The Athenians were murmuring and starting to become nervous; they were surrounded by now frenzied Boiotians. Then Alkidamas spoke: “I take this thunder as a voice vote that we are to march under General Epaminondas in the morning before the frost melts. Pelopidas as his habit will be in charge of the marching order. Look out in the plain below; the muster is nearly complete and only awaits our nod. Let the Boiotarchs sort out the details. The seven generals who had doubts have already ceded their command over to our two leaders. I have nothing to add to the promises of Epaminondas — other than this.” Now Alkidamas himself also grew quiet, not quite sure what he would say next.
But speak he did. For the great sophist of the Hellenes was possessed, he would say later, by an inexplicable fire, one from the mouth of Pythagoras himself. So the words came out not entirely his own. “No man is born by nature a slave — this curse that so often makes the strong and wise unfree and the weak and dull their master.”
The crowd was bewildered at these lofty thoughts so out of place in a sermon to march to war, but stayed quiet for more. “Beware of those who say the Messenian helots know nothing of letters as if they were man-footed beasts of dim wits and animal grunts. They are unfree because they live next to the Spartans. So we the Boiotians, and Kallistratos and his fancy Athenians, might well have been as well, had our borders butted such a race of granite as those who wear the red capes.
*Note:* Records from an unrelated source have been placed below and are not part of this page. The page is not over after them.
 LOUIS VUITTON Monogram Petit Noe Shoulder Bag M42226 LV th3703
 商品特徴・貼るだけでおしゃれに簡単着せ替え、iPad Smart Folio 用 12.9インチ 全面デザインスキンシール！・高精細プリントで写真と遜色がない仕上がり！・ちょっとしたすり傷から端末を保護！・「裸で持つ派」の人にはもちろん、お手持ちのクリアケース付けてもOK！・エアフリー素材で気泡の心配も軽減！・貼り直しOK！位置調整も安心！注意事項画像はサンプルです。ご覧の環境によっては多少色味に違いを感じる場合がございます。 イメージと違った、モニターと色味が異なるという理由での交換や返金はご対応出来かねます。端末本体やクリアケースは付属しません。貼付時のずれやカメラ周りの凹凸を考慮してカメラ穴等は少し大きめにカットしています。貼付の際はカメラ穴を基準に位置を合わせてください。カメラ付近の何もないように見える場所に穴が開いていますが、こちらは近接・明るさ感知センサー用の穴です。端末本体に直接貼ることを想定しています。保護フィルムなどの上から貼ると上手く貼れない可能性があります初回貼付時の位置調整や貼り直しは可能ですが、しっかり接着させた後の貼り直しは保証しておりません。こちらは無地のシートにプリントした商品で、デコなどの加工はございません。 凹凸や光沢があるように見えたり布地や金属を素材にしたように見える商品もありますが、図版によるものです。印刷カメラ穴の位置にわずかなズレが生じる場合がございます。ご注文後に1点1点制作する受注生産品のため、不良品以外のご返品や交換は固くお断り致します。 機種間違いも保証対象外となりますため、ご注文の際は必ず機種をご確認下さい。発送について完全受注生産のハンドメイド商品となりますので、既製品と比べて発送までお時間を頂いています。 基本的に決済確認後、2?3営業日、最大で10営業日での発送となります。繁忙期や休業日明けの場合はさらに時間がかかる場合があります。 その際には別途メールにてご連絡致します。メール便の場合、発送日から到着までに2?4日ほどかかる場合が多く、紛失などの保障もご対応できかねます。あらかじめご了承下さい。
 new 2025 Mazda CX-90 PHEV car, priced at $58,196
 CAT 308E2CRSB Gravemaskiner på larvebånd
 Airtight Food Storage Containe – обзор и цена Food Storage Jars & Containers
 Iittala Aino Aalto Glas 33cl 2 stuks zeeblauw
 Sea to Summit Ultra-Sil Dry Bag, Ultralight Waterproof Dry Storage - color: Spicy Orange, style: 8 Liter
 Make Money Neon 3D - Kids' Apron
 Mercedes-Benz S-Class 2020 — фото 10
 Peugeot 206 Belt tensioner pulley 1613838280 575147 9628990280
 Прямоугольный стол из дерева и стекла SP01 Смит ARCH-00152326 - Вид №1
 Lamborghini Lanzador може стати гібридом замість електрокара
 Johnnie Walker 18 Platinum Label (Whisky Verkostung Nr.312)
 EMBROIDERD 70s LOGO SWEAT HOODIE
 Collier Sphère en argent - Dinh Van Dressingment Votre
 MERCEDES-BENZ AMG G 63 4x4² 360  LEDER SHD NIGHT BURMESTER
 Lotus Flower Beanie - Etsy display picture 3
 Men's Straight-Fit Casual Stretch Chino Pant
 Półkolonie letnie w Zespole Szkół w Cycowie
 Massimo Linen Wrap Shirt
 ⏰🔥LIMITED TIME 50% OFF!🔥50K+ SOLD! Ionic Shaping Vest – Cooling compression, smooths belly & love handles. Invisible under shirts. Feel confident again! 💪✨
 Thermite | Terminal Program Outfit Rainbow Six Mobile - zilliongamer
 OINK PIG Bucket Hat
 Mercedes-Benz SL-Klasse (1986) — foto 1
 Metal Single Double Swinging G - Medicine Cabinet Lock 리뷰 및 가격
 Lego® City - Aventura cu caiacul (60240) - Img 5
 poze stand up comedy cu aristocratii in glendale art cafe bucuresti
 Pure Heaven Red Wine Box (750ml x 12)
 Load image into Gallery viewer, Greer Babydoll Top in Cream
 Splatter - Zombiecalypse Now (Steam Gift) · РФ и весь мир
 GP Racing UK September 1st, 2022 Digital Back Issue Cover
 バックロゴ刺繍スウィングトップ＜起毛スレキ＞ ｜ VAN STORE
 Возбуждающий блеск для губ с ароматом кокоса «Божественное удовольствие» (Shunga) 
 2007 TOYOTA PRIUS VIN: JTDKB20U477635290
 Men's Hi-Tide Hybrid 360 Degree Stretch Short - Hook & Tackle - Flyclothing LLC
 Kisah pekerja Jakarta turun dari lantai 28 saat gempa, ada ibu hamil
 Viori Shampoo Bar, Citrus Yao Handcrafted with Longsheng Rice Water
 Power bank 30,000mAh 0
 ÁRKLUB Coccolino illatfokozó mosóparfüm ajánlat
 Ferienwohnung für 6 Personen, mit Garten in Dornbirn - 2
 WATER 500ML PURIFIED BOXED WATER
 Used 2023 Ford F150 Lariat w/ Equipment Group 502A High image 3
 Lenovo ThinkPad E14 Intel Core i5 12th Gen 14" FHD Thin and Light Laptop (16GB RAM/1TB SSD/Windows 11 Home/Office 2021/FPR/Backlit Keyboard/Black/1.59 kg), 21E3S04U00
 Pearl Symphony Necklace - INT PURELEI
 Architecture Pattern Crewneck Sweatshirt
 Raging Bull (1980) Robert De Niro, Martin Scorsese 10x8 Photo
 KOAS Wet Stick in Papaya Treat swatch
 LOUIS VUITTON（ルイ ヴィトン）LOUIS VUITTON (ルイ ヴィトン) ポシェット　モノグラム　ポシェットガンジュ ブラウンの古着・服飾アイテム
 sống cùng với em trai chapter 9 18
The Messenians will be free thanks to the strong right arms of the Boiotians.”
Now Alkidamas waved his arms and yelled to the crowd in far louder fashion than had Epaminondas. “Yes, they will have their free city of Messenê.” With that, Alkidamas stepped down and abandoned the politics of Boiotia for good, for this man of action also had business himself in the Peloponnesos. As the assembly of the Boiotians broke up, the white-haired sophist lumbered over to Mêlon, who put his hands on the shoulders of the old man and raised his voice over the din, “I hope to be alive to hear all that again, your defense of the Messenians, this no man a slave. I think you have the beginning of a real speech some day from these embers that flared up in your chest as if the One God of ours was working your bellows.”
Then he pointed where the general had stalked out of the assembly. “This winter Epaminondas will go beyond his tenure that expires at the new year. Then I wager that we will all be renegades. It will be our choice to be right and dead with Epaminondas or wrong, alive— and growing old— with Backwash. We all go out under the command of Epaminondas who soon will find himself an outlaw general. There will be a death sentence when — or if — we return, earned for the freedom of distant slaves.”
Alkidamas then barked to Mêlon over the noise, “When the law is in service to servitude, and its violation means freedom, then the choice for a good man is not hard. If the helots are freed and we tramp back alive, then our faces will be chiseled in marble on the high temples at Delphi. But if we trip, well, then you know the fate of Epaminondas and all of us who follow. There won’t be a gorge — not even the Apothetai of the Spartans — big enough to hide all our corpses.”